(Excerpts from a dataset)
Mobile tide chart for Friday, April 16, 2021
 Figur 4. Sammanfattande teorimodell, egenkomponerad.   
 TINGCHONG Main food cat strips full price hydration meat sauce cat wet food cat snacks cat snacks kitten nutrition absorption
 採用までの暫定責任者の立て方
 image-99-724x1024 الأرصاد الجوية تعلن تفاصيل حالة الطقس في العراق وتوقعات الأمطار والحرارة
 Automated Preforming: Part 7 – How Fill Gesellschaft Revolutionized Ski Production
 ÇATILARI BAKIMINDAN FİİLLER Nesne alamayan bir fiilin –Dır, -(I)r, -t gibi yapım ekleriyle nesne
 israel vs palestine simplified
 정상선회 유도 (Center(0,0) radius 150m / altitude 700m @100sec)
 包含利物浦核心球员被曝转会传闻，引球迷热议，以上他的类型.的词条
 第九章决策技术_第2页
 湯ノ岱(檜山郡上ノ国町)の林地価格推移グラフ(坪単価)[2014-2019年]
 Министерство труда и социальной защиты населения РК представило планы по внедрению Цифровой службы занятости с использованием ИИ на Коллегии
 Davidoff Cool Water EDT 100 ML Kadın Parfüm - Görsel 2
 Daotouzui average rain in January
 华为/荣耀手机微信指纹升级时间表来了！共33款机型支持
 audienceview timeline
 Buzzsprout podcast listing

• _Description of the task_
This exercise calls for the line containing "Davidoff Cool Water" and each line after it in the records, copied exactly.

• _Response box_
 Davidoff Cool Water EDT 100 ML Kadın Parfüm - Görsel 2
 Daotouzui average rain in January
 华为/荣耀手机微信指纹升级时间表来了！共33款机型支持
 audienceview timeline
 Buzzsprout podcast listing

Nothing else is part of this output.